Подумал и засунул в карман.

– Пригодится.

…Мы уже с ним в метро. Глеб вытаскивает удостоверение и, шатаясь, протягивает его дежурной.

Я поддерживаю Глеба за локоть:

– Он со мной.

Неужели не пропустит? Ведь это же Глеб Горбовский!

Человек уснул в метро,

обнимая склизь колонны…

Пропустила.

Глеб садится на ступеньки и тюкается головой о балюстраду. И откуда-то снизу металлический голос делает нам с Глебом замечание. Сидеть на ступеньках не положено.

При сходе с эскалатора приходится Глеба подхватывать. Как будто мешок, который может на ступеньках застрять. Сейчас рассыплется, и эскалатор остановится. И подойдет милиционер.

Мы стоим на платформе, и чтобы Глеб не свалился на рельсы, я его то и дело отодвигаю. Как непослушного малыша. Зато уже в вагоне сразу подталкиваю на свободное место. Глеб тут же плюхается на сиденье и закрывает глаза.
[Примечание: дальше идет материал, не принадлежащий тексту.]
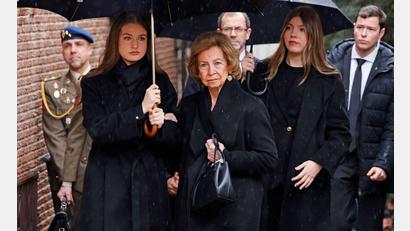 Bild: José Ruiz/EUROPA PRESS/dpa
Die spanische Königsfamilie hat bei einer Trauerfeier Abschied von Irene von Griechenland, der Schwester der spanischen Altkönigin Sofía, genommen.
Коронованный под нулевку, прямо над Глебом, как с иголочки – задумчивый богатырь. (И рядом – с точно такой же прической – его двойник.)

Вдруг наклоняется и с шаловливым воплем «Хайль!» вскидывает вперед правую руку.

Глеб поднимает голову и как будто просыпается:

– Храни тебя, Господь!

Бритоголовый еще раз повторяет «Хайль!», и его двойник, словно приглашая присоединиться, заразительно хохочет.

Глеб опять поднимает голову:

– Говно… – и, насупившись, показывает кулак.

Пассажиры откладывают газеты и, в предвкушении надвигающейся опасности, обеспокоенно застывают.

Бритоголовый вытаскивает из-за пазухи наручник и, напоминая героя моего детства Бабона, двигает желваками скул.